The task ▸
In the records below, the line with "storm clouds behind an evacuation route sign" and every line after it must be written out exactly; no pictures belong in the result.

Segment Start: Listed entries

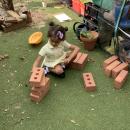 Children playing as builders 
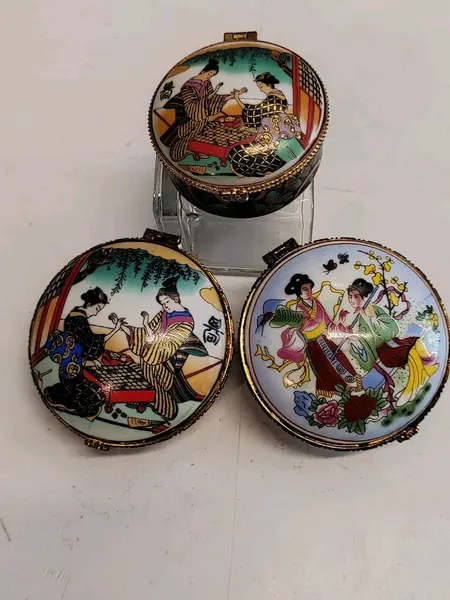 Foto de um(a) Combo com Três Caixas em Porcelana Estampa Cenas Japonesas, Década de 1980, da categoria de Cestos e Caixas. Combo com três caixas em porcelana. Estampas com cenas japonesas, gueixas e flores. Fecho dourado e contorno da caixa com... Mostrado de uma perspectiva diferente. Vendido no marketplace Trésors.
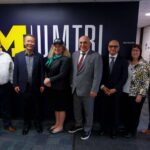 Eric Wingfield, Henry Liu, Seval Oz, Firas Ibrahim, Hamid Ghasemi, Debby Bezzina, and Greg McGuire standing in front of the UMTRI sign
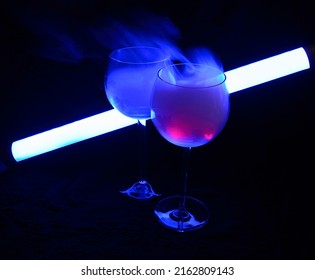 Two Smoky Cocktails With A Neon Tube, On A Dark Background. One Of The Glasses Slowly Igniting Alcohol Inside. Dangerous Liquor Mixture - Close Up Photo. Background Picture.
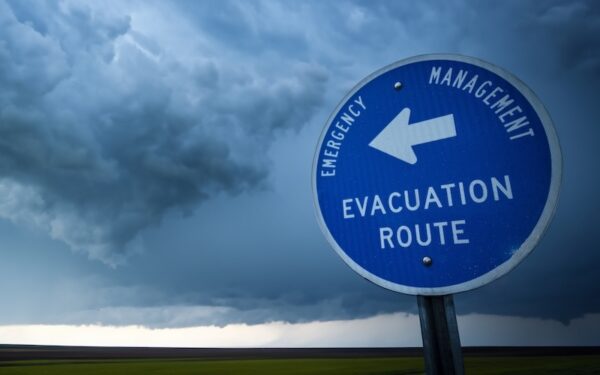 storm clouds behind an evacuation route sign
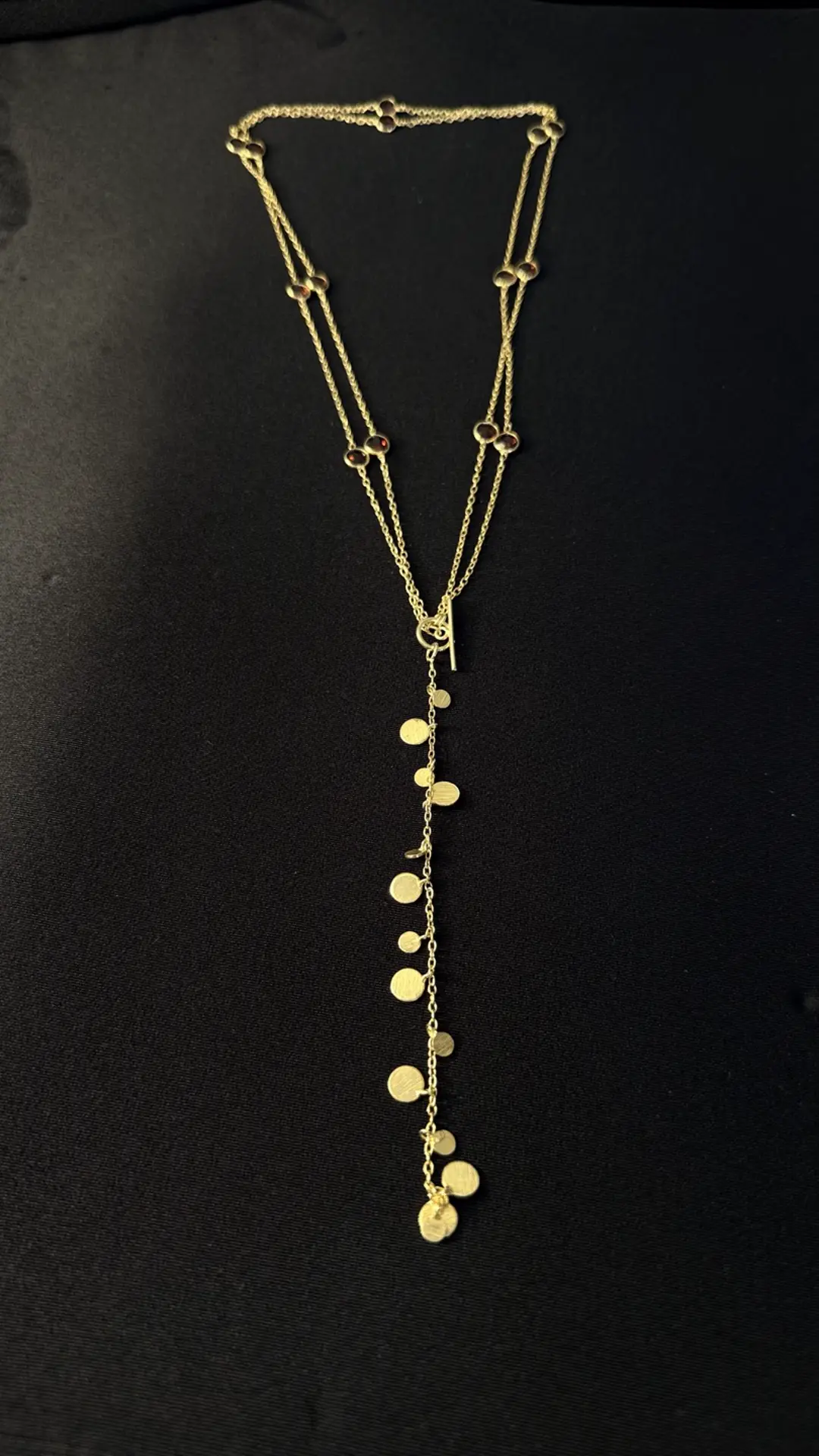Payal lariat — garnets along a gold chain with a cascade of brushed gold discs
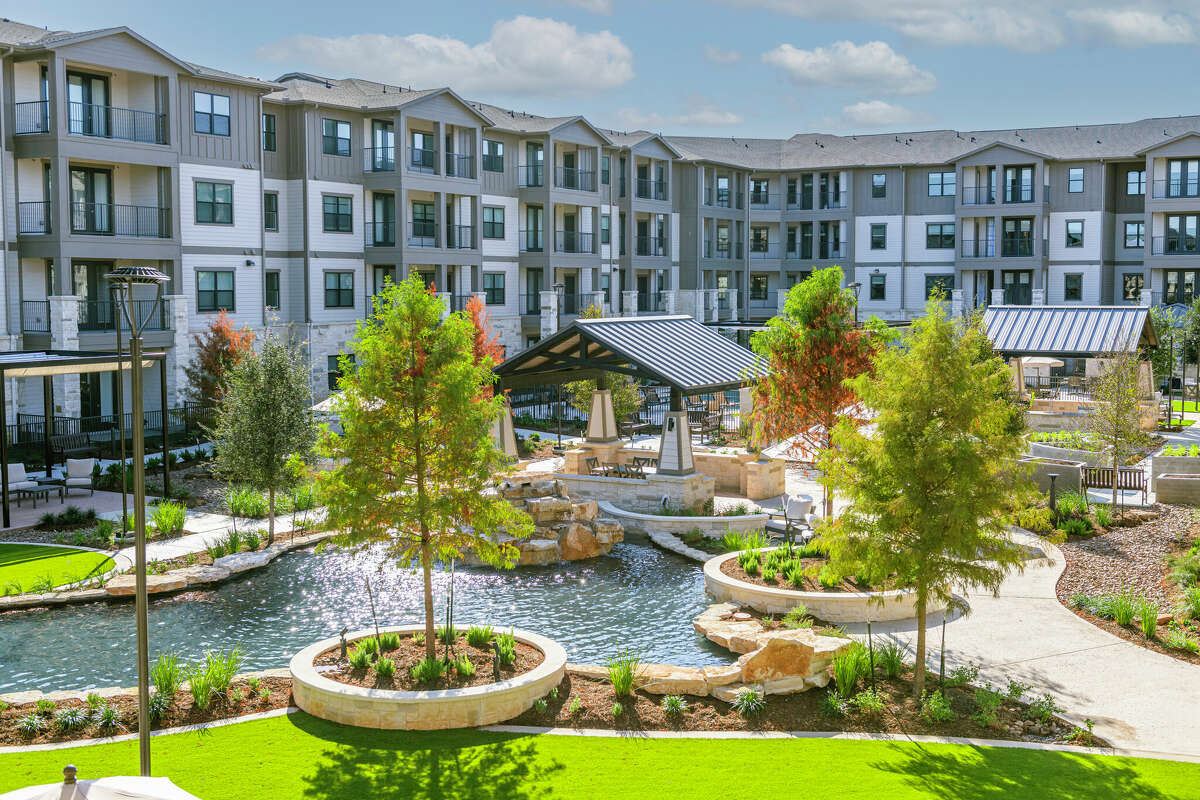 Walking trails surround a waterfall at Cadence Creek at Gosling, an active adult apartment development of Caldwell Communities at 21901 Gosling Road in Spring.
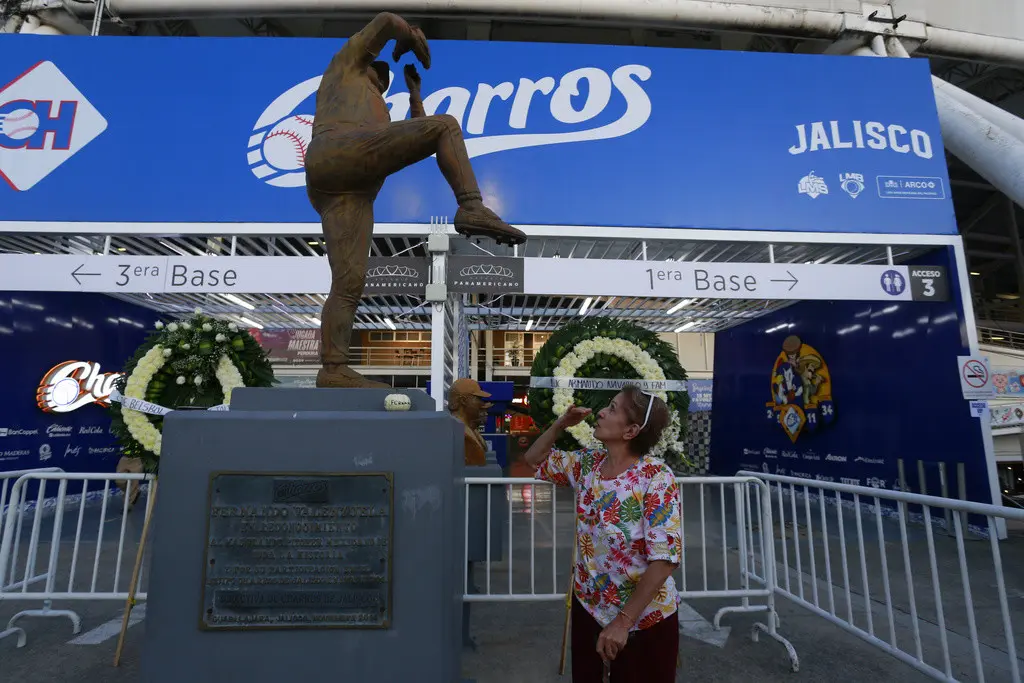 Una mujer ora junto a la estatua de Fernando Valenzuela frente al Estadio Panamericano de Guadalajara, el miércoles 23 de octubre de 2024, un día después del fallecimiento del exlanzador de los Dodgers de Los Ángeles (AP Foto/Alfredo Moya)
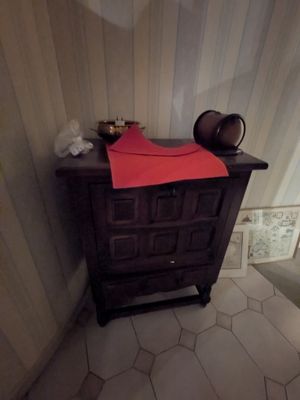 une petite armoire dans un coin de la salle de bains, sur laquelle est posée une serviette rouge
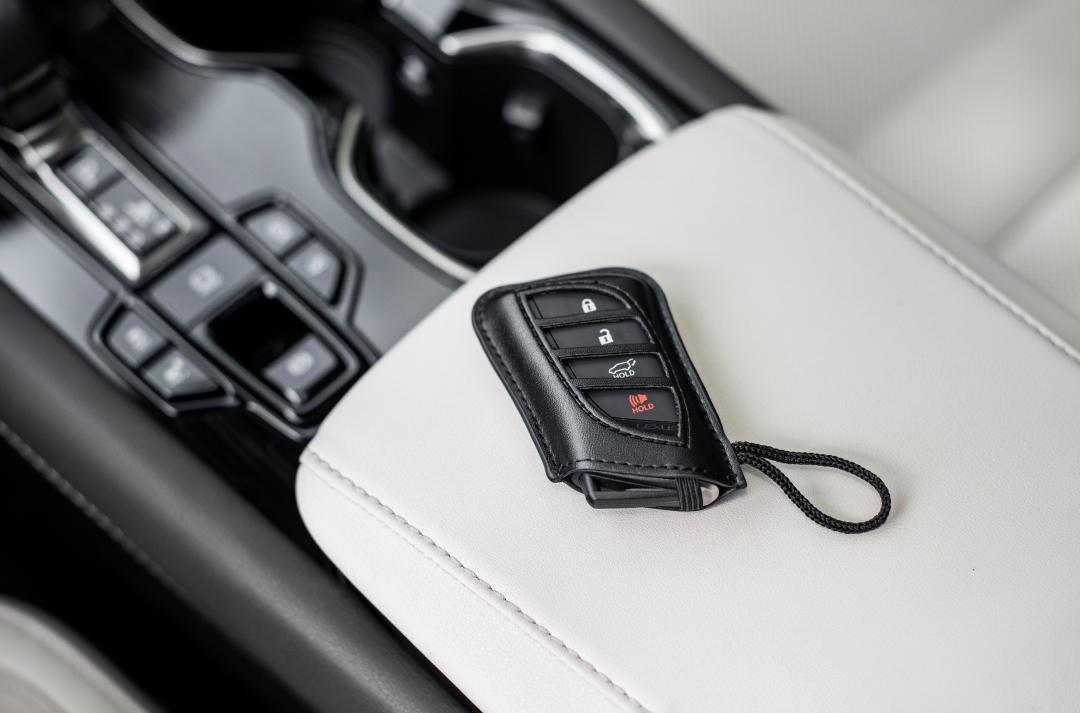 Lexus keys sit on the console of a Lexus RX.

Segment End: Listed entries

Exercise response ▸
 storm clouds behind an evacuation route sign
Payal lariat — garnets along a gold chain with a cascade of brushed gold discs
 Walking trails surround a waterfall at Cadence Creek at Gosling, an active adult apartment development of Caldwell Communities at 21901 Gosling Road in Spring.
 Una mujer ora junto a la estatua de Fernando Valenzuela frente al Estadio Panamericano de Guadalajara, el miércoles 23 de octubre de 2024, un día después del fallecimiento del exlanzador de los Dodgers de Los Ángeles (AP Foto/Alfredo Moya)
 une petite armoire dans un coin de la salle de bains, sur laquelle est posée une serviette rouge
 Lexus keys sit on the console of a Lexus RX.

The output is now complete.